**Problem requirements**
The answer must be an exact copy of the lines from the one containing "We're asked to" through the last line of the records, with the pictures left out.
▽
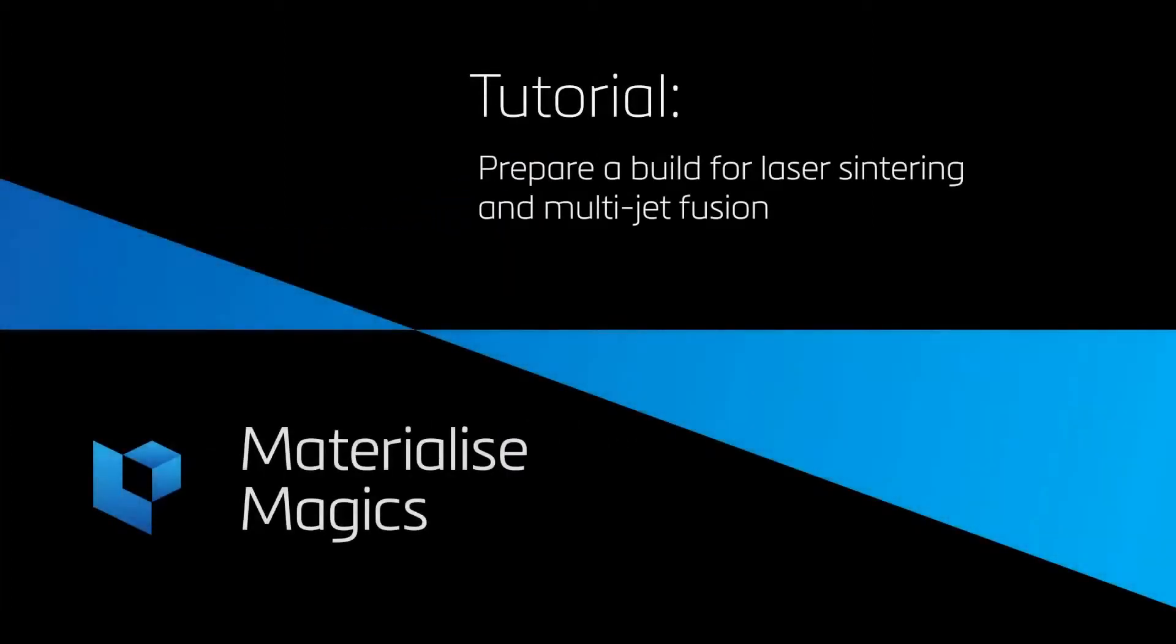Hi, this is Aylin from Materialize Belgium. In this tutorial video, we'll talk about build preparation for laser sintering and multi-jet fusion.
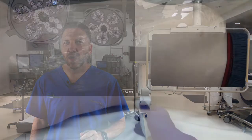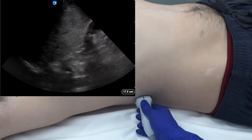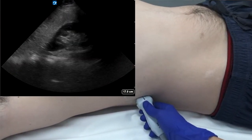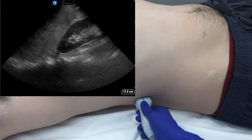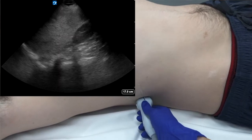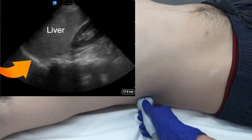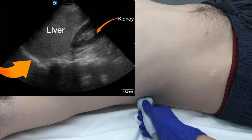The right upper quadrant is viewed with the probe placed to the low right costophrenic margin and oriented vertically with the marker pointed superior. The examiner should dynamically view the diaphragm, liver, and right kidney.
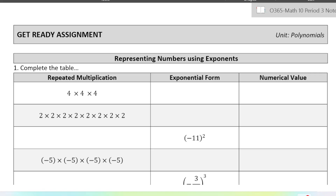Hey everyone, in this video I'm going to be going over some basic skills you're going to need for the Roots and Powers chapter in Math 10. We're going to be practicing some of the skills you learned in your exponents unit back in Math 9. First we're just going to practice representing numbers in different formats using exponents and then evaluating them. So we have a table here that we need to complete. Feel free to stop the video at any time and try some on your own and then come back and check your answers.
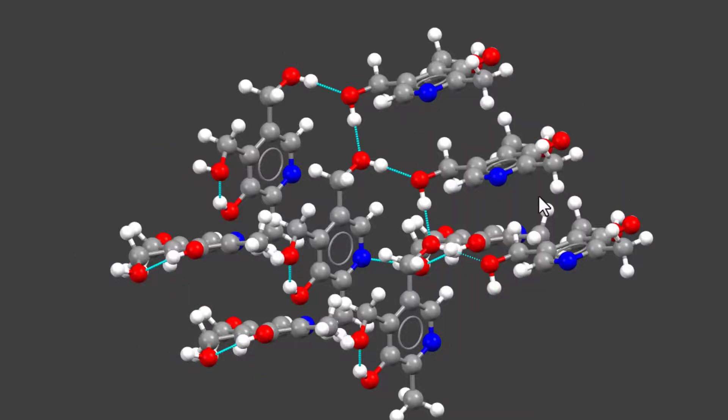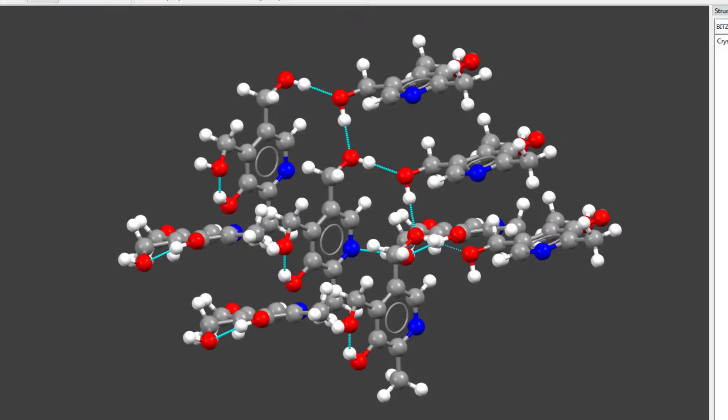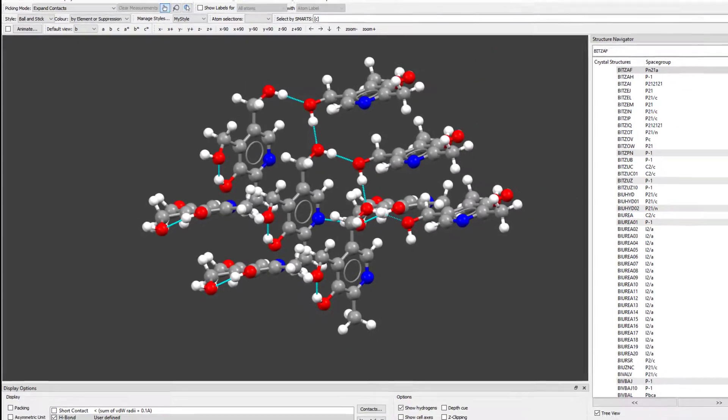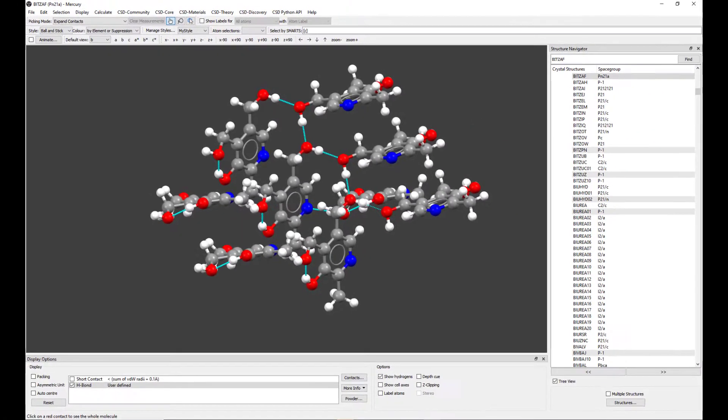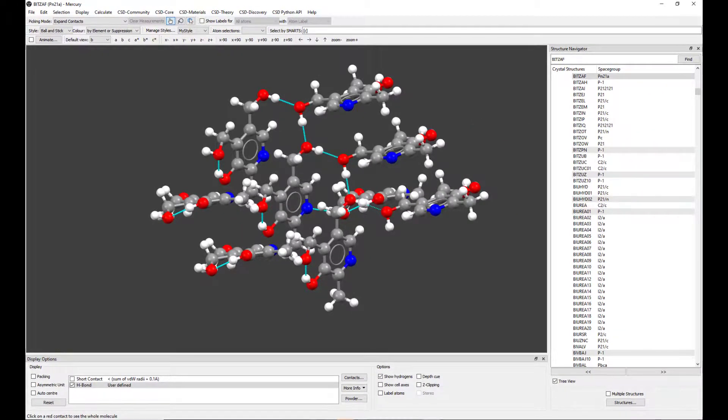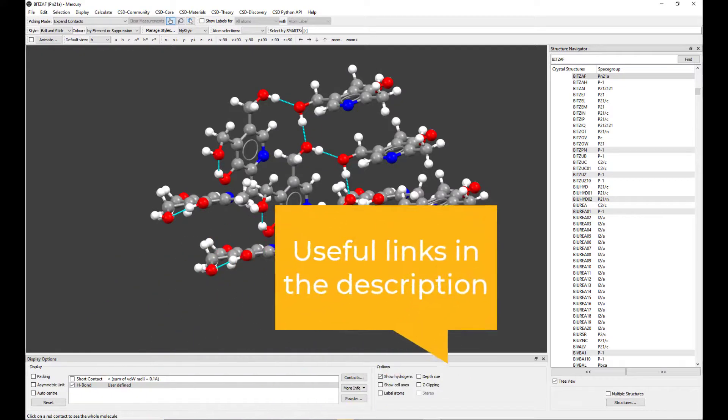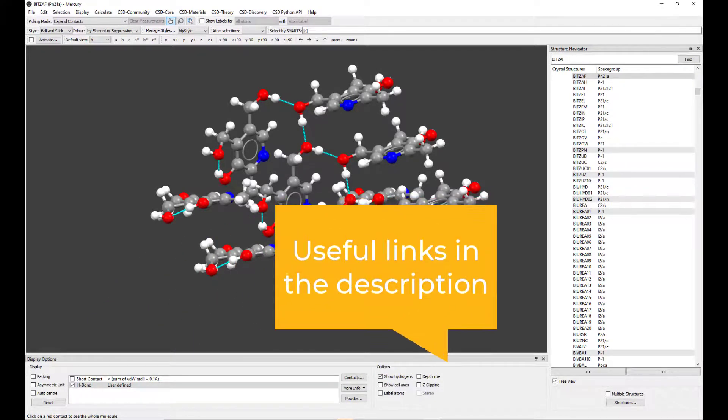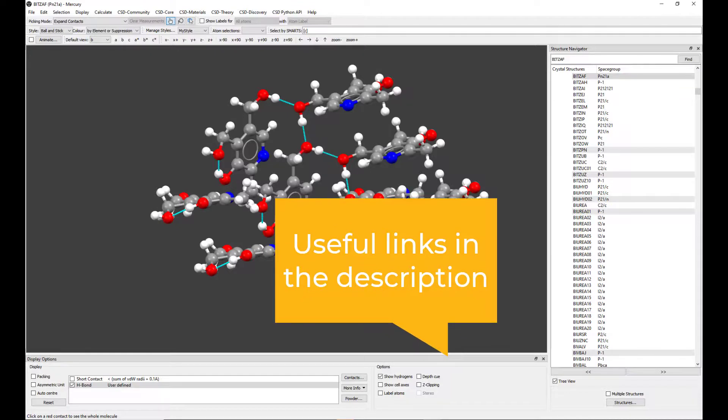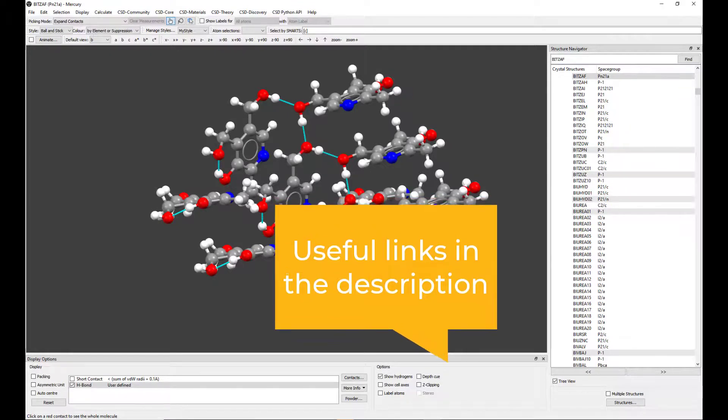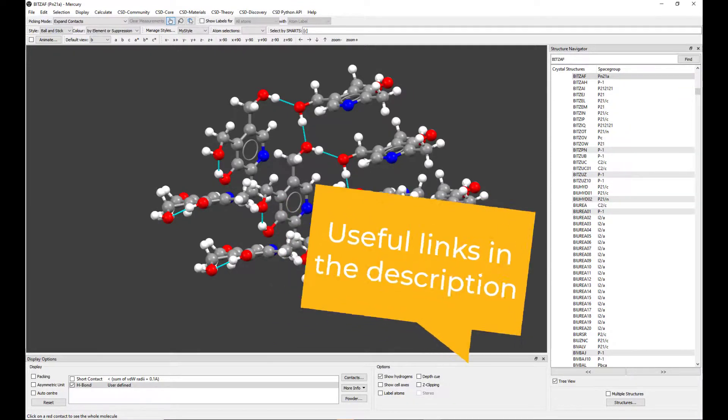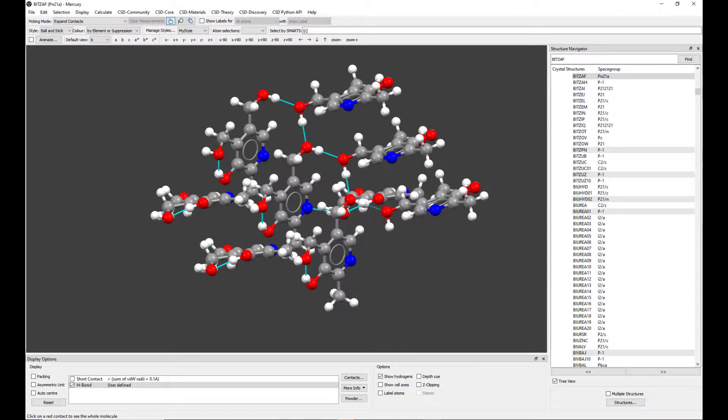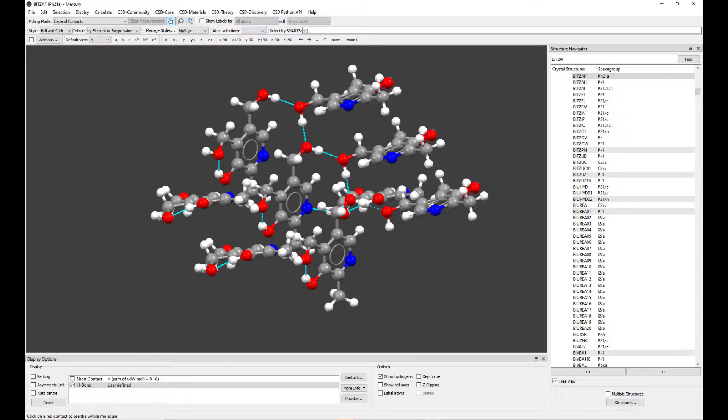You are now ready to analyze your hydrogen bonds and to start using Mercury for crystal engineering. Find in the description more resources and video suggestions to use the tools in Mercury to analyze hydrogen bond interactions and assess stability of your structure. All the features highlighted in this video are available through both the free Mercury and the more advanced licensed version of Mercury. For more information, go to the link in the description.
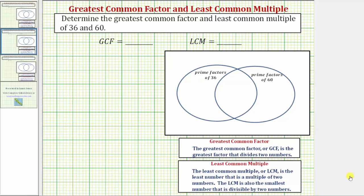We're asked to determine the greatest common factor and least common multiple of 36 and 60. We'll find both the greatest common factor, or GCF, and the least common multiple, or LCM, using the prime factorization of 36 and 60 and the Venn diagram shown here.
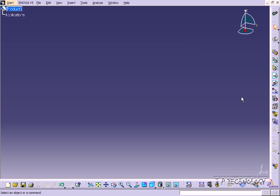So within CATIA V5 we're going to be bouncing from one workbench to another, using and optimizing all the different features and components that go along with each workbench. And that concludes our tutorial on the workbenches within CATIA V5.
△
**Expected answer**
We're asked to determine the greatest common factor and least common multiple of 36 and 60. We'll find both the greatest common factor, or GCF, and the least common multiple, or LCM, using the prime factorization of 36 and 60 and the Venn diagram shown here.
So within CATIA V5 we're going to be bouncing from one workbench to another, using and optimizing all the different features and components that go along with each workbench. And that concludes our tutorial on the workbenches within CATIA V5.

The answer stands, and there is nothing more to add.